John Charles Walters Productions
- Type: Private
- Industry: Television
- Founded: 1978; 48 years ago
- Founders: James L. Brooks David Davis Stan Daniels Ed. Weinberger
- Defunct: 1983; 43 years ago
- Fate: Closed
- Successor: Gracie Films
- Key people: James L. Brooks
- Products: Taxi (TV series)

= John Charles Walters Productions =

Former television production company

John Charles Walters Productions (a.k.a. John Charles Walters) was an American production company formed in 1978 by four former employees of MTM Enterprises: James L. Brooks, David Davis, Stan Daniels and Ed. Weinberger. The company existed from 1978 until 1983 and produced the TV show Taxi.

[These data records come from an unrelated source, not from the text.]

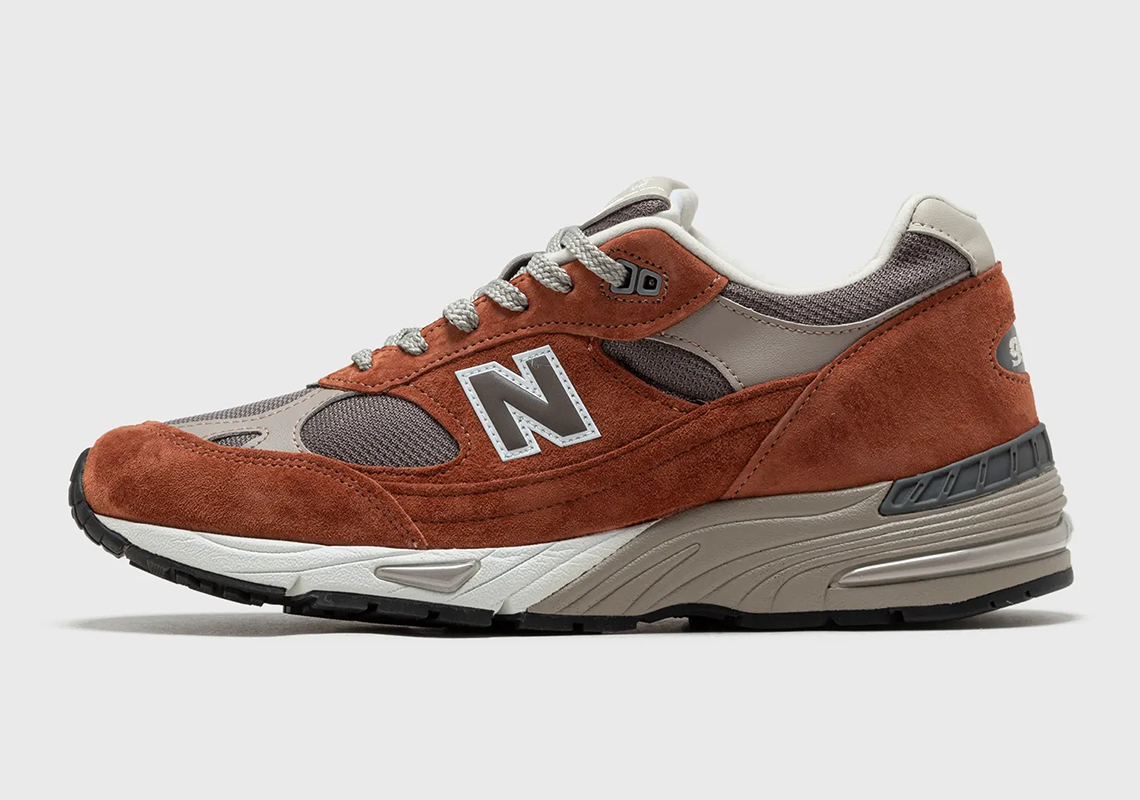New Balance 991 Made In UK Sequoia: Bộ sưu tập giày chất lượng cao hứa hẹn đem lại trải nghiệm mới cho người dùng! - 2
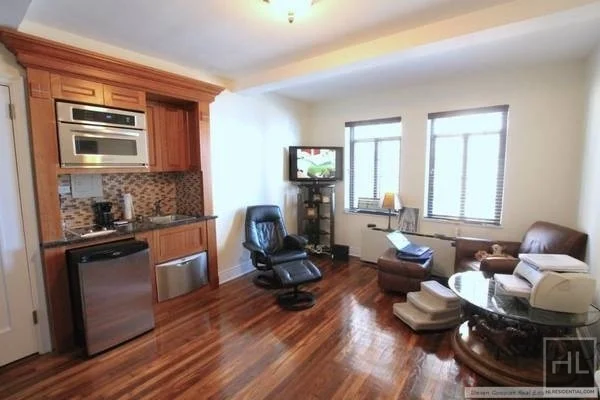 Studio à Venda em 5 Tudor City Place – Manhattan, Nova Iorque – NY - 1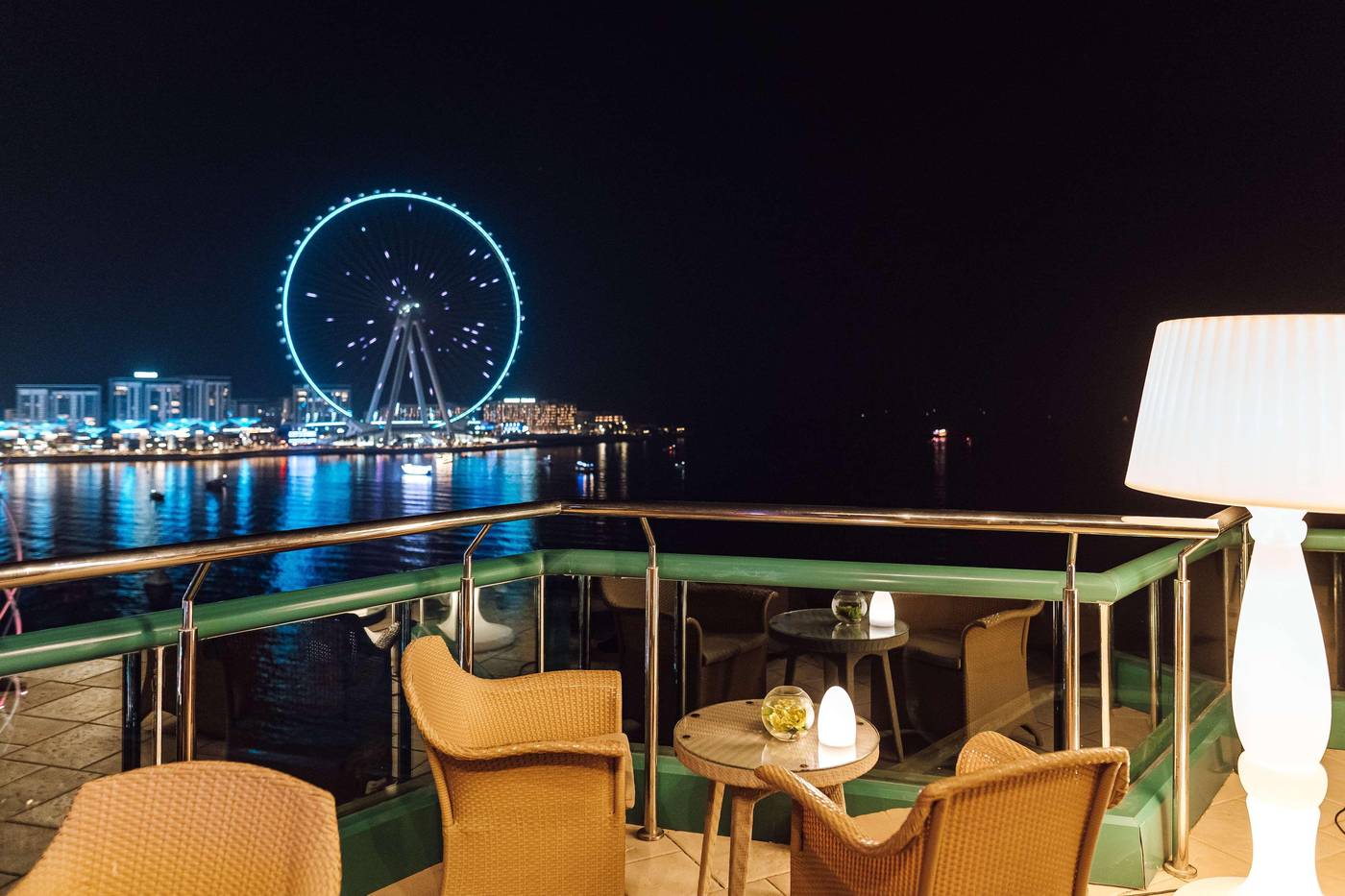 Hilton-Dubai-The-Walk-General-view-15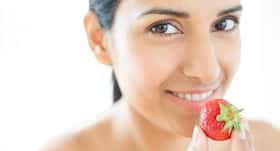 Hydrating DIY strawberry face masks for normal, dry and combination skin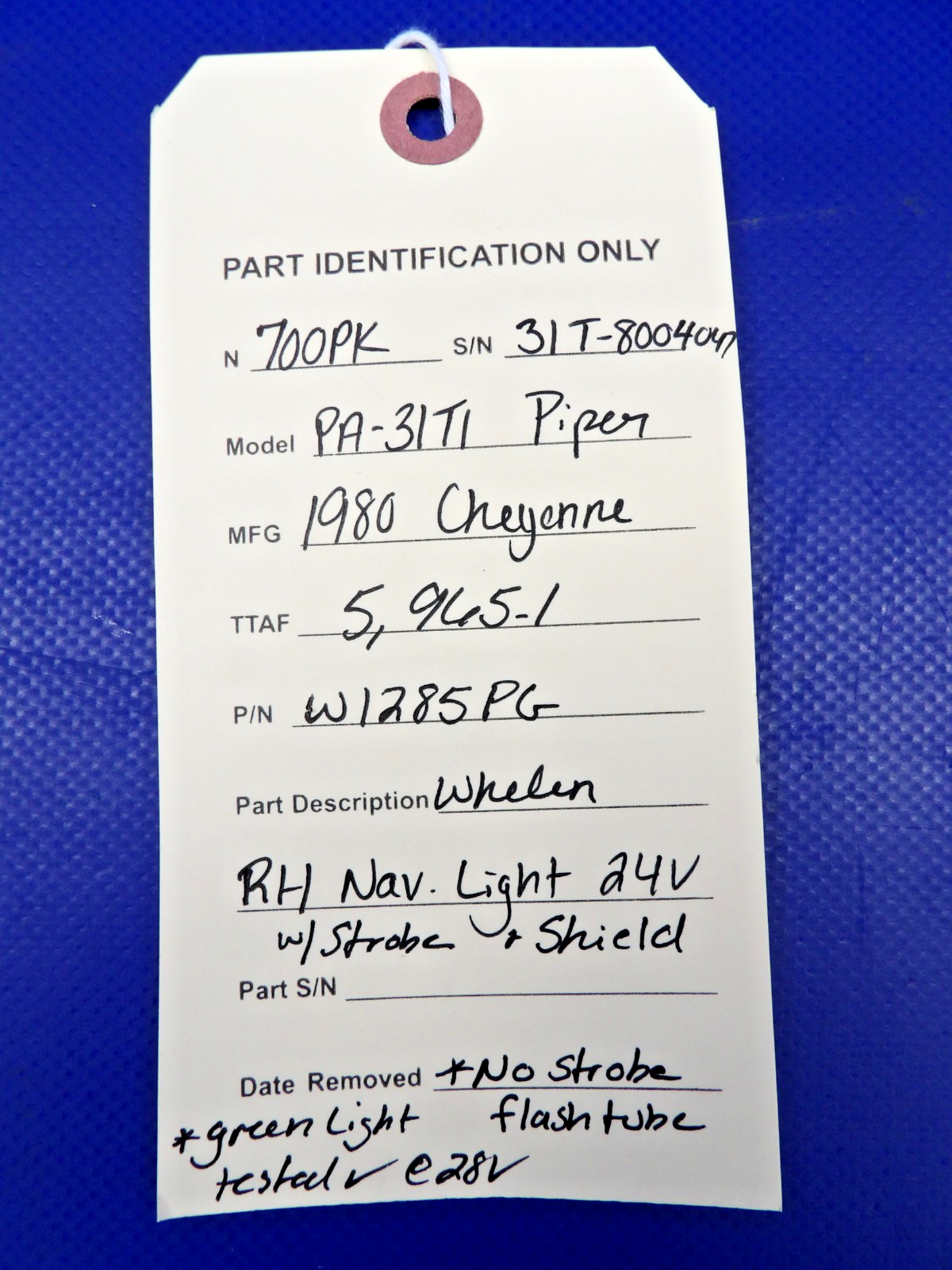 Piper Cheyenne Whelen RH Nav Light 24V w Strobe + Shield P/N W1285PG (0626-1517)11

The foursome who created John Charles Walters were part of the creative team that produced The Mary Tyler Moore Show and its spinoff Phyllis, as well as The Betty White Show among others, during the 1970s. They were lured away by Paramount following the end of The Mary Tyler Moore Shows run. Paramount financed the John Charles Walters Company during its existence.

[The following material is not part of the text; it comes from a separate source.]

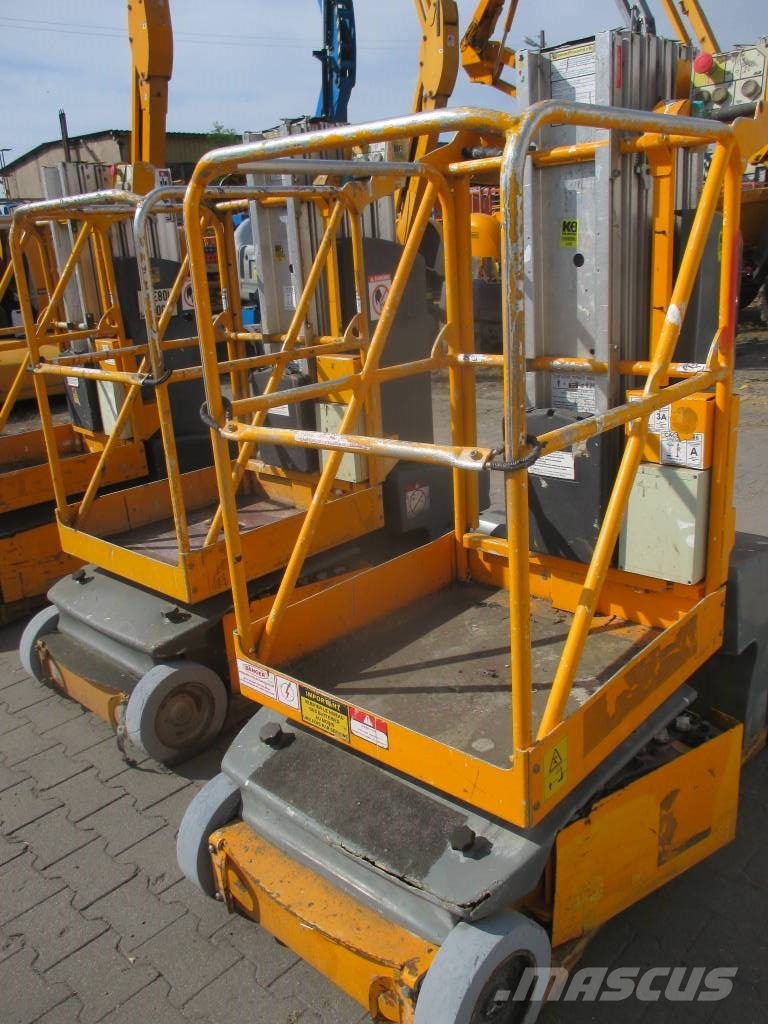 JLG Toucan Junior 8 Personenliften en invalideliften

The company also produced The Associates, a TV sitcom about a small group of young Wall Street lawyers which ran during the 1979 television season starring Martin Short. The show lasted for nine of the 13 episodes produced, but received two Primetime Emmy Award nominations, two Golden Globe Award nominations and one Writers Guild of America Award nomination after its cancelation.

In 1982, Glen and Les Charles and James Burrows split away from John Charles Walters Productions to form Charles Burrows Charles Productions, but remained at Paramount.

==Company name==
According to a 2003 interview, James L. Brooks said that the company was named John Charles Walters because the foursome "wanted a venerable Protestant name." The book Hailing Taxi indicates that the partners discovered an old pub sign that said "Charles Walters." They bought it in order to make it their logo, but then discovered that there was a director in Hollywood named Charles Walters. They added the name John to avoid legal problems.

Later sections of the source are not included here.